I struggled with a focus for this assignment.  Following a discussion with my tutor, I approached the assignment with the thought that I would focus on Old Masters Paintings, trying to replicate the type of light (Exercise 4.4 .)found in these paintings using artificial light.  I researched and looked carefully at other photographers that had attempted a similar project.

Many of the photographers I explored seemed to try to replicate the painting as closely as possible at least in style and colour if not in content.  I felt that didn’t meet the “Creativity” guidance in the assignment brief.  Initially, I considered taking just one element of one of the paintings and deconstruct the shots of say a lemon or skull but in the end I decided to construct a “traditional” style shoot followed by a more “modern” approach using the same or similar compositions but the juxtaposition of ancient and modern.

By making this decision I was moving way out of my comfort zone, preferring to shoot in daylight or natural light.   Following my attempts at Exercise 4.4 and Ex Nihilo, I decided that proceeding with the assignment using controlled artificial light would be an ideal opportunity to improve my understanding of using lighting in photography.

The use of light in Old Masters paintings has always fascinated me as to how they achieved the romantic and idealistic results they did.  However, unlike photography where the camera reproduces what it sees, an artist can interpret the environment, change colours and shapes to suit the composition and the lighting in it if it improved the painting.

I am not attempting to reproduce the old masters in either traditional or modern setup, more an attempt to study the compositions they used and how to make the best of light to produce a pleasing photograph that also shows the difference in lifestyle from the subjects used in original still life to that of modern day living.  I also wanted the modern shots to be starker as juxtaposition to the romanticism of the old paintings.

I took over 200 shots and several re-shoots to reach my final panel.


I made several mind maps and lists (Appendix 1) to help me think through the subject and approach.

I roughly sketched the layout (Appendix 2) for each of my four chosen compositions using the juxtaposition of traditional and modern arrangements.

I have a simple studio set up with two constant lights and no soft boxes. I also have a range of reflectors and used the gold reflector on some shots.  I chose a black velvet background for the traditional shots and a hessian background for the modern shots.

I used a dark background for the traditional shots as was usual[i] in Old Masters paintings and deliberately chose a light background for the modern shots to carry on the juxtaposition of the project.

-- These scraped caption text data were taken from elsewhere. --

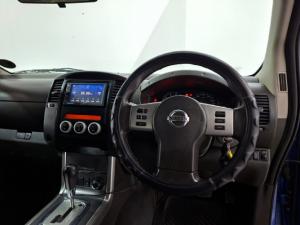 Nissan Navara 2.5dCi double cab 4x4 Safari auto - Image 16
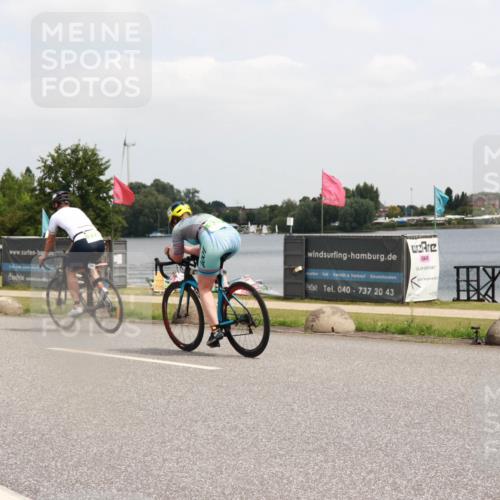 21.06.2025 - 27. Vierlanden-Triathlon H.Heesch http://msf.ph/oto/8006932 15.06.2025 12:07:03 Radfahren 719, 776, 929, 939 meine-sportfotos.de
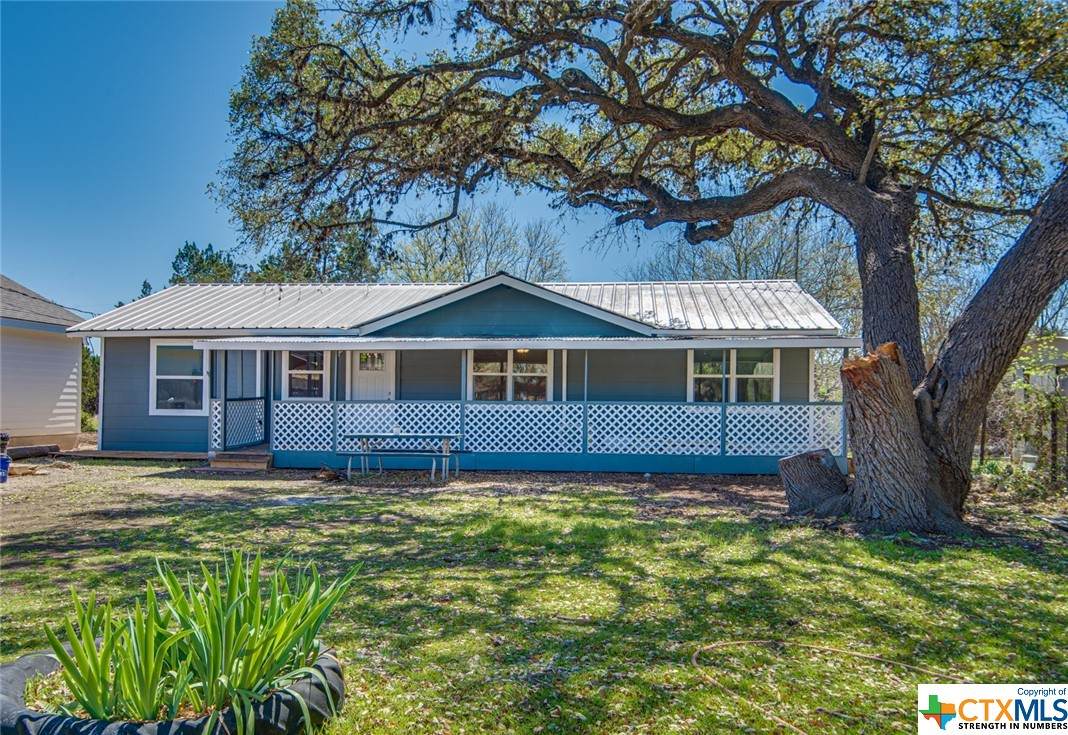 1668 Lakeview Drive - Photo 1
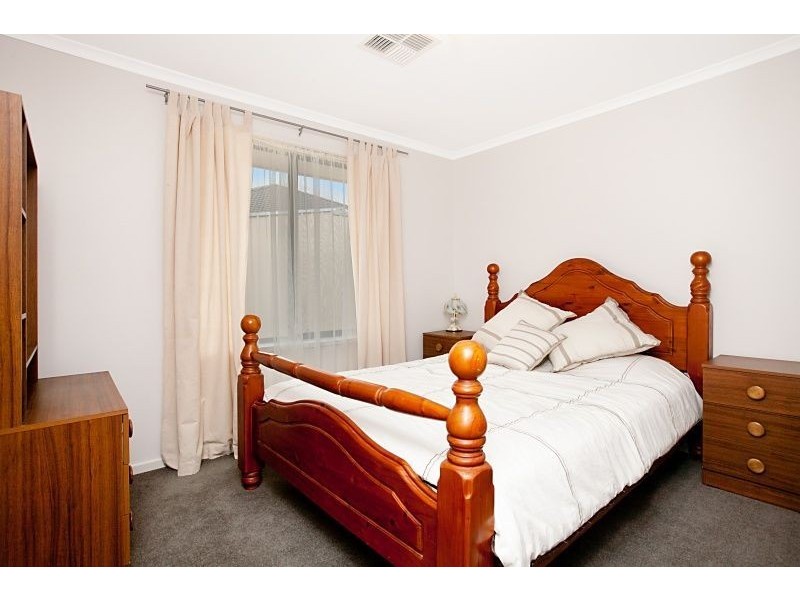 35 Amberwell Terrace, Burton SA 5110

The hessian did not work on some shots and it was difficult to keep a consistency of focal length because of lack of space (I set up my “studio” in a bedroom).

For most shots I lit from the side using one or two lights applying the family of angles to achieve the best outcome. Occasionally, I tried lighting from the front but this cast dark shadows on the hessian fabric.  However, it worked better on some of the traditional shots against the black background.  I attempted the shots using a 50mm lens but I needed to get in close and in the cramped conditions the lights were often in the way.

I tried a number of lighting combinations paying attention to the “family of angles”[ii]

I shot all of the traditional shots in one shooting, setting the WB to daylight and ISO to 100.  I then experimented with several exposure and shutter speed settings checking the results as I shot each set.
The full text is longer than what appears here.